Parallel random number using MKL VSL not in parallel ? [ fortran90 ]

1.3k Views Asked by At

I've implemented the code bellow that generate vectors of random number using the MKL VSL library:

! ifort -mkl test1.f90 -cpp -openmp

include "mkl_vsl.f90"

#define ITERATION 1000000
#define LENGH 10000

program test
use mkl_vsl_type
use mkl_vsl
use mkl_service
use omp_lib
implicit none 

integer i,brng, method, seed, dm,n,errcode
real(kind=8) r(LENGH) , s
real(kind=8) a, b, start,endd
TYPE (VSL_STREAM_STATE) :: stream
integer(4) :: nt

!     ***** 

brng   = VSL_BRNG_SOBOL
method = VSL_RNG_METHOD_UNIFORM_STD
seed = 777

a = 0.0
b = 1.0
s = 0.0

!call omp_set_num_threads(4)
call omp_set_dynamic(0)
nt = omp_get_max_threads()

!     ***** 

print *,'max OMP threads number',nt

if (1 == omp_get_dynamic()) then
  print '(" Intel OMP may use less than "I0" threads for a large problem")', nt
else
  print '(" Intel OMP should use "I0" threads for a large problem")', nt
end if

if (1 == omp_get_max_threads()) print *, "Intel MKL does not employ threading" 

!call mkl_set_num_threads(4)
call mkl_set_dynamic(0)
nt = mkl_get_max_threads()

print *,'max MKL threads number',nt

if (1 == mkl_get_dynamic()) then
  print '(" Intel MKL may use less than "I0" threads for a large problem")', nt
else
  print '(" Intel MKL should use "I0" threads for a large problem")', nt
end if

if (1 == mkl_get_max_threads()) print *, "Intel MKL does not employ threading"      

!     ***** Initialize *****

      errcode=vslnewstream( stream, brng,  seed )

!     ***** Call RNG *****

start=omp_get_wtime()

do i=1,ITERATION 
      errcode=vdrnguniform( method, stream, LENGH, r, a, b ) 
      s = s + sum(r)/LENGH
end do      

endd=omp_get_wtime()    

!     ***** DEleting the stream *****      

      errcode=vsldeletestream(stream)

!     ***** 

print *, s/ITERATION, endd-start

end program test

I don't see any speedup when using 4 and 32 threads for instance.
I use the Intel compiler version 13.1.3 and compile doing

ifort -mkl test1.f90 -cpp -openmp

It's like the random numbers are not generated in parallel.
Any hints here?

Thank you,

Éric.

1

There are 1 best solutions below

3
On

Your code doesn't contain any OpenMP directives to actually parallelise the work, when it executes it runs only 1 thread. It is not sufficient to use omp_lib and to scatter a few calls to functions such as omp_get_wtime around, you actually have to insert some worksharing directives.

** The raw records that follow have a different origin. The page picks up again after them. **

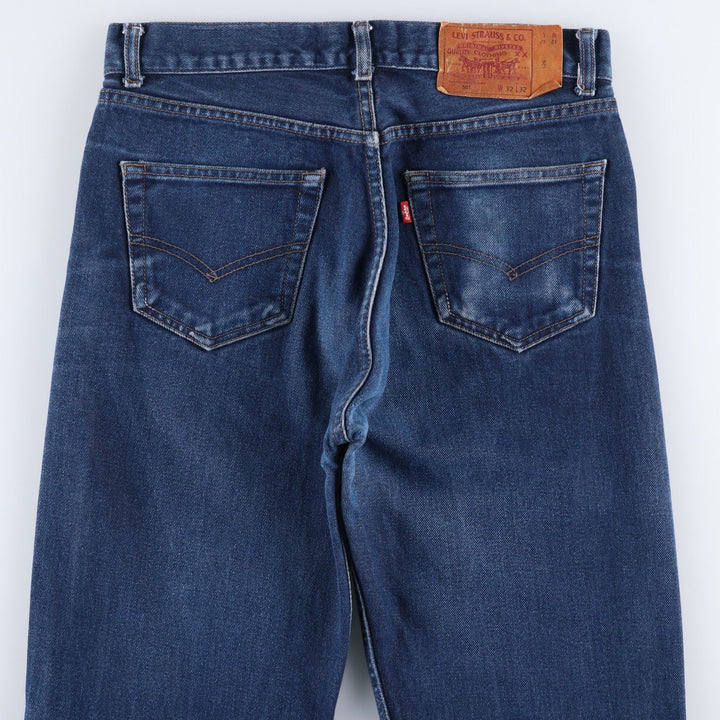 90'S Levi's 501-0114 Straight Denim Pants Made in USA Men's W31 Vintage cotton blue type Vintage Second Hand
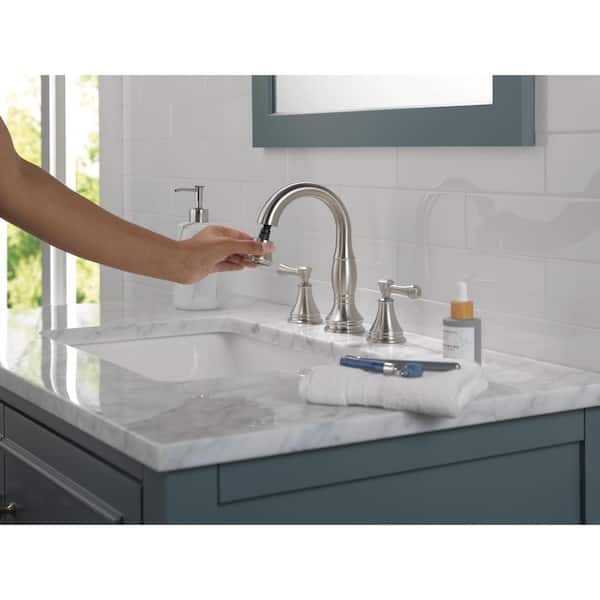 Delta Cassidy 8 in. Widespread Double-Handle Bathroom Faucet with
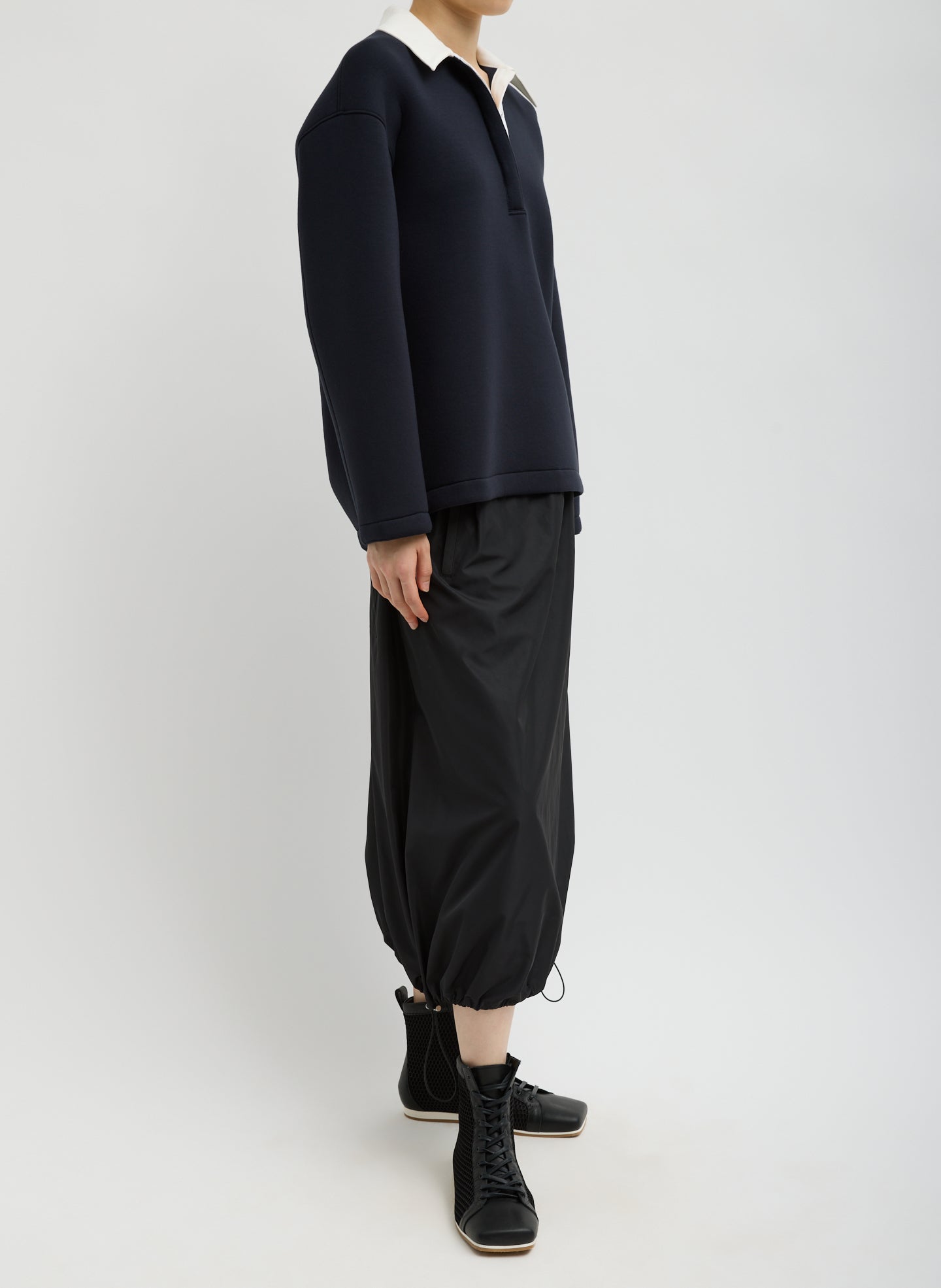 Italian Sporty Nylon Midi Anorak Skirt | Tibi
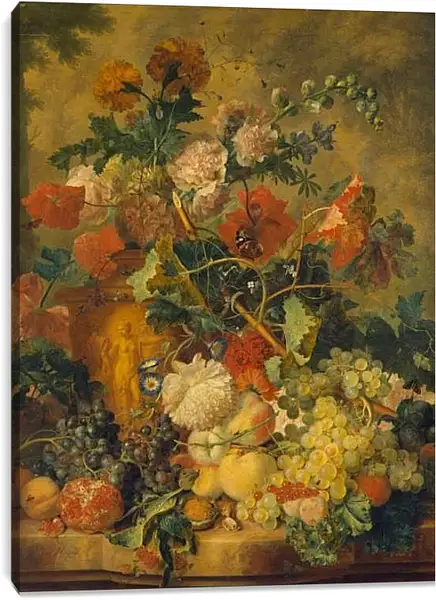 Постер на подрамнике - Цветы и плоды. Ян ван Хёйсум
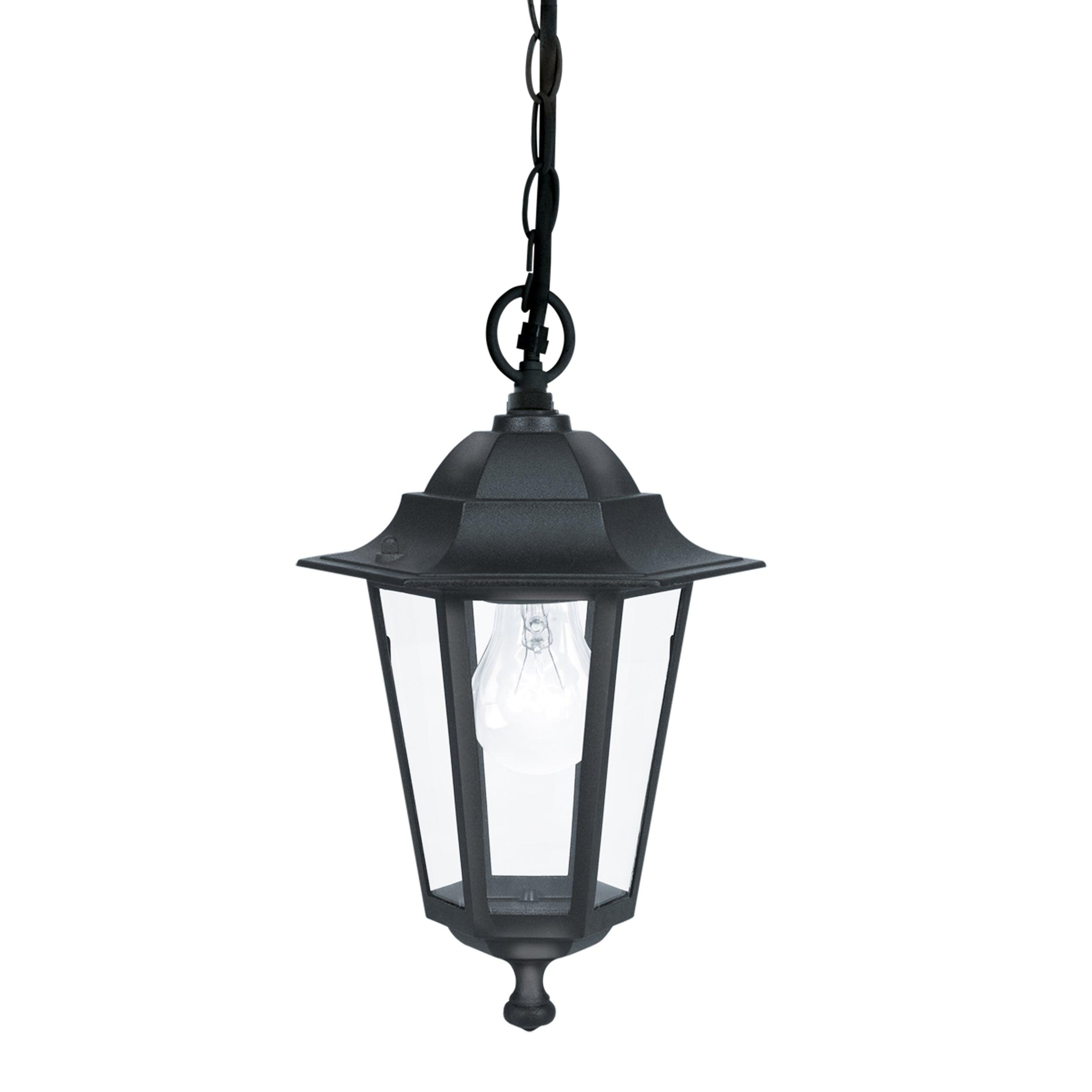 Eglo Laterna 4 IP44 Black Outdoor Ceiling Pendant-WAREHOUSE-40-200326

If I run your code, as is, my performance monitor shows that only one thread is active, and your code reports

 max OMP threads number 16
 Intel OMP should use 16 threads for a large problem
 max MKL threads number 16
 Intel MKL should use 16 threads for a large problem
 0.499972674509302 11.2807227574035

If I simply wrap the loop in an OpenMP worksharing directive, like this

!$omp parallel do
do i=1,ITERATION 
      errcode=vdrnguniform( method, stream, LENGH, r, a, b ) 
      s = s + sum(r)/LENGH
end do      
!$omp end parallel do

then the performance monitor on my dual-quad-core-with-hyperthreading-PC shows that 16 threads are active and your program reports

 max OMP threads number 16
 Intel OMP should use 16 threads for a large problem
 max MKL threads number 16
 Intel MKL should use 16 threads for a large problem
 0.380979220384302 7.17352125150956

I guess the hint I would offer is: study your favourite OpenMP tutorial, in particular the sections covering the parallel and do directives. I offer no warranty that the simple modification I have made does not break your program; in particular I don't guarantee that I haven't introduced a race condition.

I leave you the exercise of determining whether the speed-up on going from 1 to 16 (hyper-)threads is acceptable and any analysis of why it appears to be so modest.